ISSN: 1391 - 0531
Sunday, January 28, 2007
Vol. 41 - No 35
Plus

That heart stopping moment

With over a thousand open-heart operations last year alone, the dedicated team at the Heart Surgical Unit of the National Hospital continues to serve patients from all over the country.

By Kumudini Hettiarachchi

A man’s heart has stopped. With the rhythmic beating of the heart halting, the fluctuating line on the TV monitor that indicates life itself, becomes straight.

However, those around him do not panic. Just before the heart stops and even after, the quiet and measured instructions are clear and precise. There is no haste.“Start the machine. On the pump. Reduce the pressure.”

Senior Cardio-thoracic Surgeon Dr. Chandima Amarasena performing open heart surgery.
Pix by M.A. Pushpa Kumara

And right before our eyes, a man’s heart has stopped, for he is undergoing open heart surgery at the Heart Surgical Unit of the National Hospital in Colombo. It is Friday, January 19, 2007.

This is also not the first. In 2006 alone, the unit carried out 1007 open heart surgeries in addition to 39 closed heart surgeries.

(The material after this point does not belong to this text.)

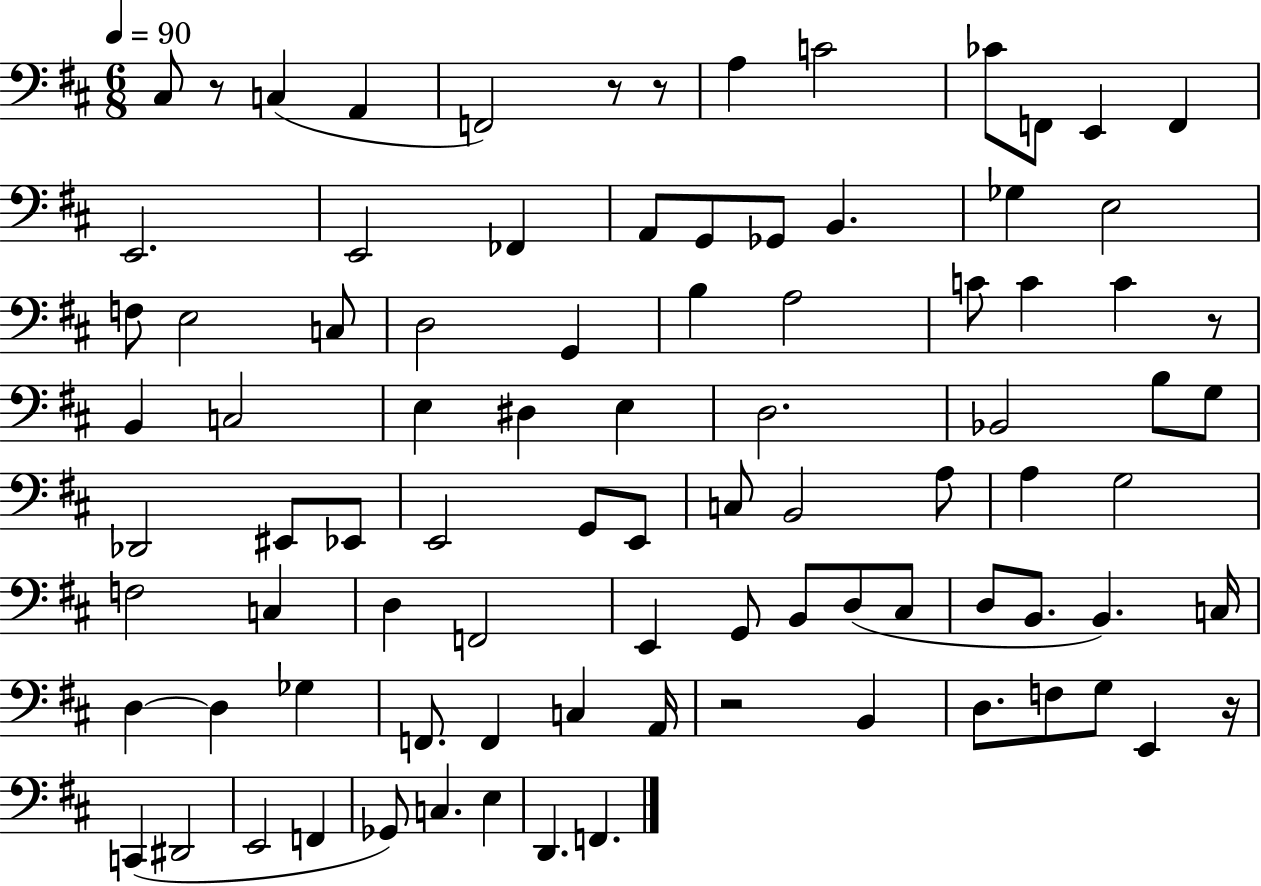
C#3/e R/e C3/q A2/q F2/h R/e R/e A3/q C4/h CES4/e F2/e E2/q F2/q E2/h. E2/h FES2/q A2/e G2/e Gb2/e B2/q. Gb3/q E3/h F3/e E3/h C3/e D3/h G2/q B3/q A3/h C4/e C4/q C4/q R/e B2/q C3/h E3/q D#3/q E3/q D3/h. Bb2/h B3/e G3/e Db2/h EIS2/e Eb2/e E2/h G2/e E2/e C3/e B2/h A3/e A3/q G3/h F3/h C3/q D3/q F2/h E2/q G2/e B2/e D3/e C#3/e D3/e B2/e. B2/q. C3/s D3/q D3/q Gb3/q F2/e. F2/q C3/q A2/s R/h B2/q D3/e. F3/e G3/e E2/q R/s C2/q D#2/h E2/h F2/q Gb2/e C3/q. E3/q D2/q. F2/q.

“We need to get the heart-lung machine to carry out the functions of the heart. Then we stop the beating of the heart, to enable us to perform the surgery,” explains Senior Consultant Cardio-thoracic Surgeon Dr. Chandima Amarasena, gowned, masked and capped in green, skilfully and intricately handling very fine surgical instruments.

Theatre J of the Heart Surgical Unit is abuzz with a medical team of about 10 headed by Dr. Amarasena and Consultant Cardio-thoracic Anaesthetist Dr. Hemantha Perera getting about their business – that of attending to the “heart troubles” of people.

Dr. Chandima Amarasena

Dispelling misconceptions that a majority of heart surgeries, both open and closed, are being done in the private sector, Dr. Amarasena gives out the good news about the service done by the state health service to the neediest of the needy in Sri Lanka. Of the open heart surgeries performed by the Heart Surgical Unit, 308 were coronary artery bypass grafting (CABG), considered difficult and complex, with the rest comprising valve replacement operations and operations for congenital heart defects such as atrial septal defects (ASDs), ventricular septal defects (VSD) and tetralogy of Fallots (TOF) etc.

How safe is heart surgery in Sri Lanka?

We lost only eight patients from among the 308 who underwent coronary artery bypass grafting last year, says Dr. Amarasena, explaining that it means the mortality rate is about 2.59%.

Dr. Hemantha Perera

The Sunday Times learns that Sri Lanka is well within the internationally-accepted 2 to 4% mortality rate for such major surgery.

There have been no deaths in connection with ASDs considered the simplest of open heart surgeries, according to Dr. Amarasena.

Such life-saving work is being done, The Sunday Times understands, amidst many constraints, including the lack of 40% of the cadres required of junior doctors, and also nursing and technical staff. Some of the equipment too needs replacing.

The state sector has only two units countrywide that carry out heart surgery -- National Hospital in Colombo and the Karapitiya Teaching Hospital in Galle. All those who are referred or who come directly to the Institute of Cardiology at the National Hospital are assessed by cardiologists and, if needing surgery, referred to the Heart Surgery or Cardio-thoracic Unit.

Patients recuperating at the Intensive Care Unit

The Sunday Times learns that this unit performs the largest number of heart operations in the country, far exceeding the number done in the private sector. The operations are free of charge, though outside they could cost from Rs. 300,000 to Rs. 1 million depending on the complexity of the surgery.

What of the dreaded “waiting list” for anxious patients and their loved ones? Do the patients have to wait years to get their hearts attended to?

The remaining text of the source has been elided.